In an earlier lesson in this unit, students studied the converse of the theorem they study in this lesson. Previously, they proved that a segment which splits two sides of a triangle proportionally will be parallel to the third side. In this lesson, they prove that a line parallel to one side of a triangle splits the other two sides proportionally. They can now conclude that a line is parallel to one side of a triangle if and only if it splits the other two sides proportionally.
In proving the theorem in this lesson, students look for and make use of structure (MP7) as they decide how they will prove that two triangles are similar. Students have the option to use repeated reasoning as they apply the Angle-Angle Triangle Similarity Theorem or they can continue to look for sequences of dilations and rigid motions to prove two triangles are similar.
Technology isn’t required for this lesson, but there are opportunities for students to choose to use appropriate technology to solve problems.

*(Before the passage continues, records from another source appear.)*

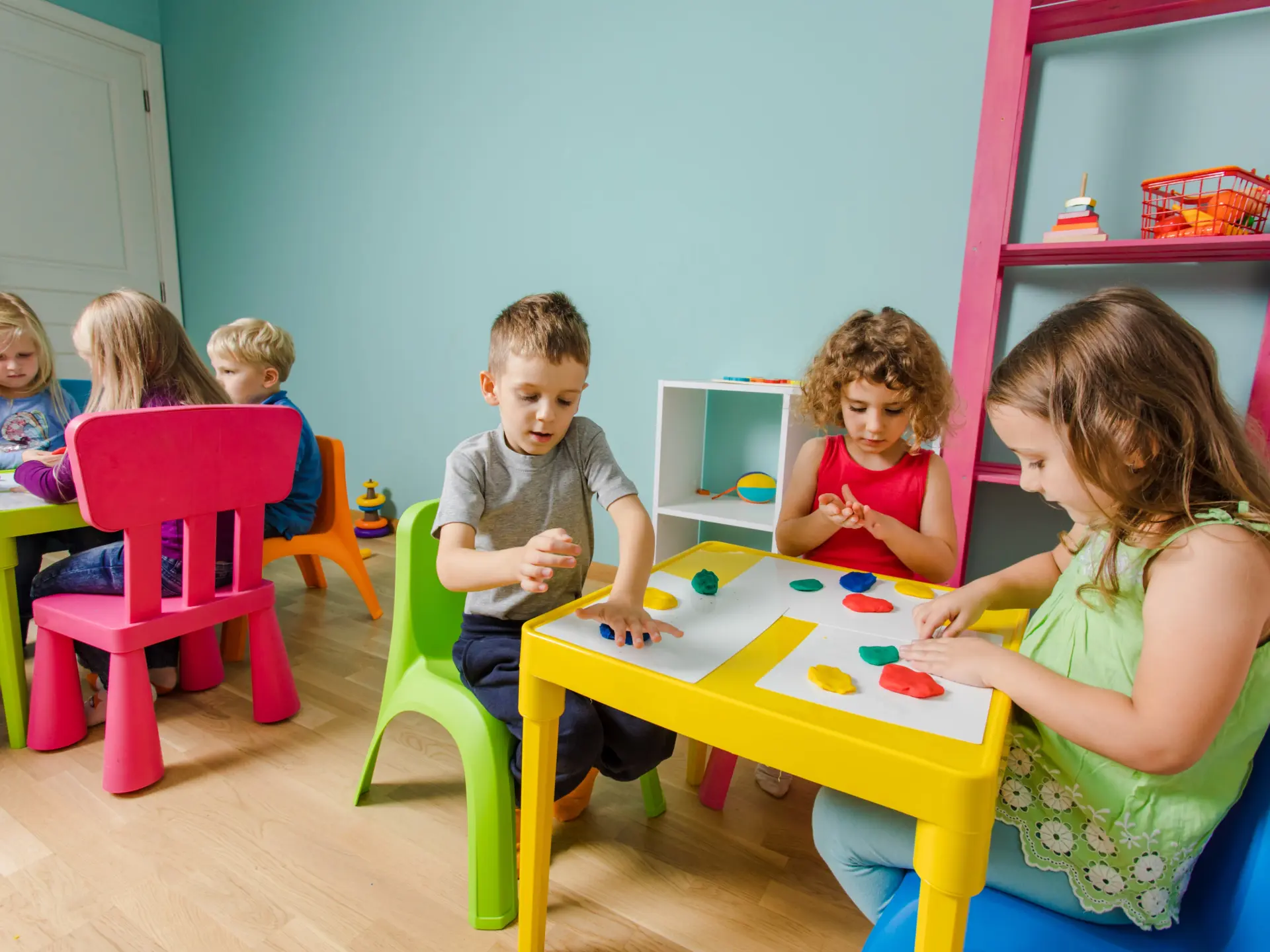 Children crafting at small tables in a classroom, colorful chairs around them.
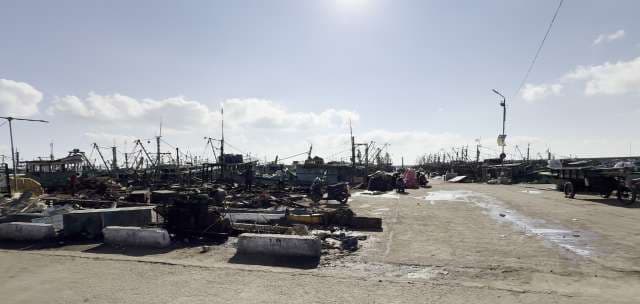 Busy Fishing Harbor With Boats And Daily Activity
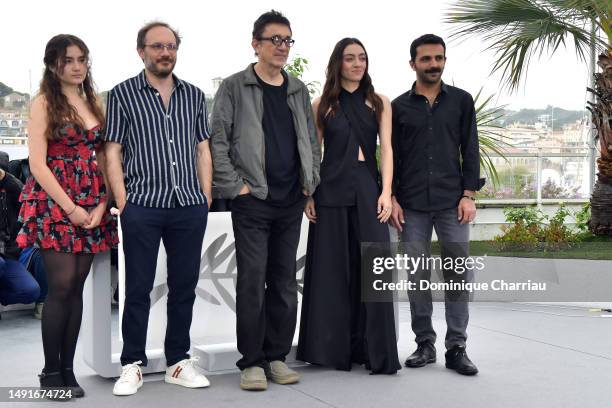 Ece Bagci, Deniz Celiloglu, Director Nuri Bilge Ceylan, Merve Dizdar and Musab Ekici attend the "Kuru Otlar Ustune " photocall at the 76th annual...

We recommend making technology available.
- Prove that a segment parallel to one side of a triangle divides the other sides proportionally (in writing).
- Let’s investigate parallel segments in triangles.
- I can explain why a segment parallel to one side of a triangle divides the other sides proportionally.
One figure is similar to another if there is a sequence of rigid motions and dilations that takes the first figure onto the second.
Triangle \(A'B'C'\) is similar to triangle \(ABC\) because a rotation with center \(B\) followed by a dilation with center \(P\) takes \(ABC\) to \(A'B'C'\).